A segunda possui cultivo mais complexo, principalmente graças ao longo período e maturação, que a deixa com o risco de ficar exposta a situações climáticas adversas. Por causa disso, a dificuldade do plantio tem propiciado uma, cada vez maior, escassez desta uva. É necessária muita paciência, paixão e recursos para conseguir produzir uma bebida de qualidade.

Mas a Nero di Troia é bastante resistente a uma ampla variedade de pragas comuns nos vinhedos. Ela é muito adaptada ao clima quente e seco da Puglia, mas está sendo cada vez menos cultivada. Muitos produtores, nos últimos anos, têm substituído seus vinhedos, plantando Negroamaro e Primitivo, consideradas mais rentáveis comercialmente.

Além disso, entre as três, a Nero di Troia é a que demora mais para amadurecer. Para dar um exemplo, por volta do ano 2000, a área cultivada era um quinto do que era dos anos 70, com cerca de 1700 hectares plantados.

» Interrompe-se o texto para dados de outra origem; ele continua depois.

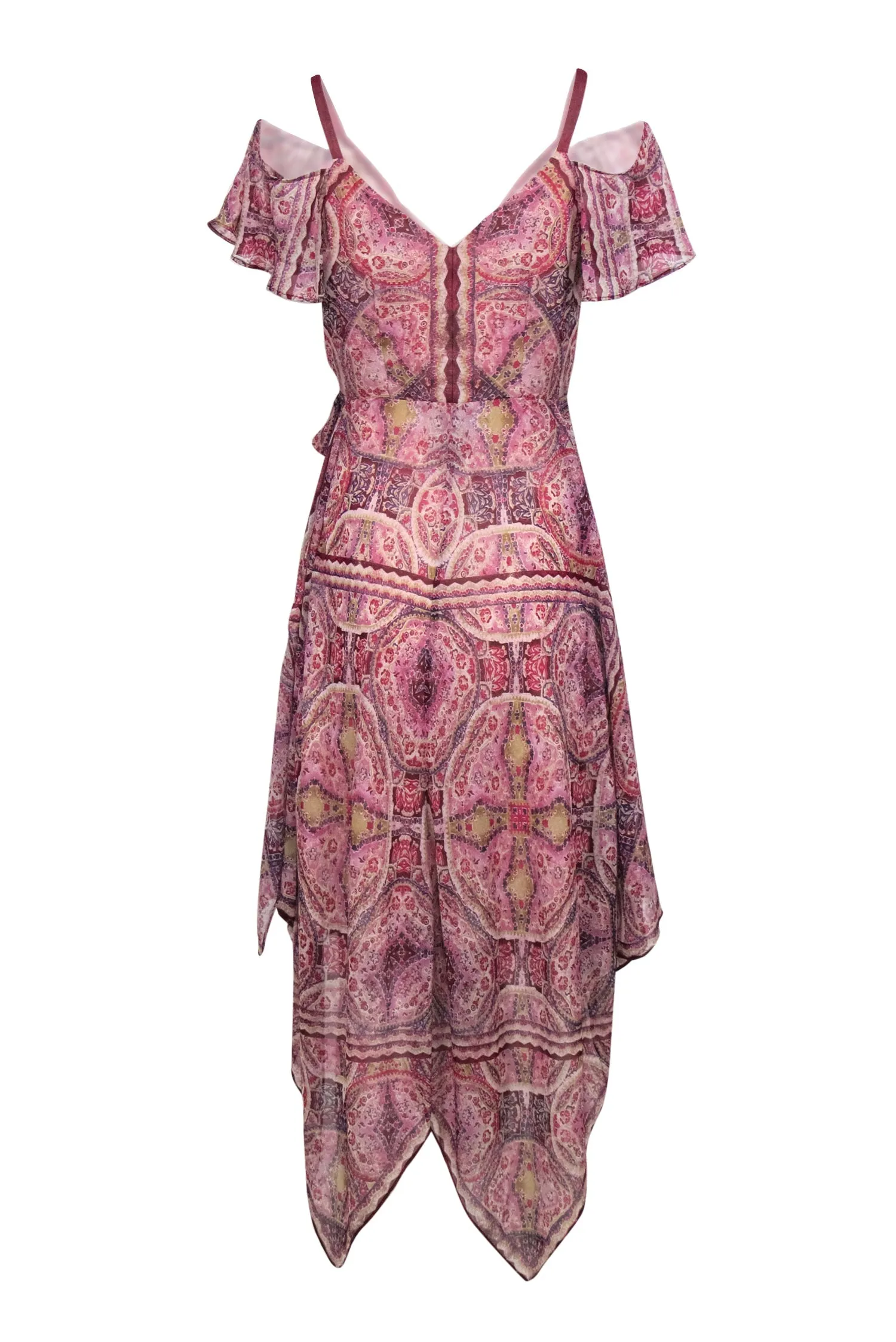 BCBG Max Azria - Purple Boho Printed Wrap Dress w/ Ruffles Sz S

Os aromas mais encontrados nos vinhos produzidos com esse tipo de uva são os de cereja preta madura, amora, tabaco, cacau, cassis, anis e notas florais de violetas.

Vinhos que utilizam a Uva di Troia em sua elaboração são vinhos profundos, complexos, de cor viva e rico em polifenóis, especialmente, os taninos.

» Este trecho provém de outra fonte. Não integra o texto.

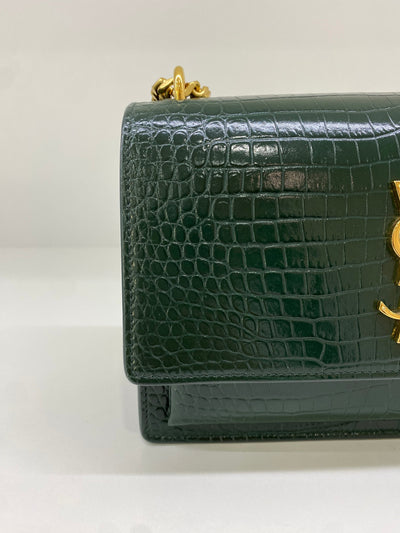 Saint Laurent Green Croc Embossed Medium Sunset Bag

Já os vinhos de corte produzidos com ela apresentam certa adstringência, típica, atenuada, que se evidencia, por exemplo, nos rótulos com a participação da uva Montepulciano. Outros tipos de uva utilizados com bastante frequência junto à Uva di Troia são as variedades Bombino Nero e Sangiovese.

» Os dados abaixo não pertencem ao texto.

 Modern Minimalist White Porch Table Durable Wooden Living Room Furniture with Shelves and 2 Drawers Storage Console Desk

Atualmente existe uma tendência de vinificar a Nero di Troia em vinhos varietais, em geral notáveis. E como que os enólogos lidam com tantos taninos, em vinhos varietais? Com temperaturas moderadas, com macerações mais curtas.

E agora finalmente o vinho!

Na taça revela um intenso e profundo rubi com halos granada, com alguma viscosidade e lágrimas grossas, lentas e em profusão que mancham as bordas do copo.

No nariz um ataque de frutas vermelhas e pretas bem maduras, em compota. Trouxe também no início algo doce, meio caramelizado, com alguma intensidade, depois se equilibrando no transcorrer da degustação, tendo ainda toques de terra molhada, tabaco doce, especiarias, muita rusticidade.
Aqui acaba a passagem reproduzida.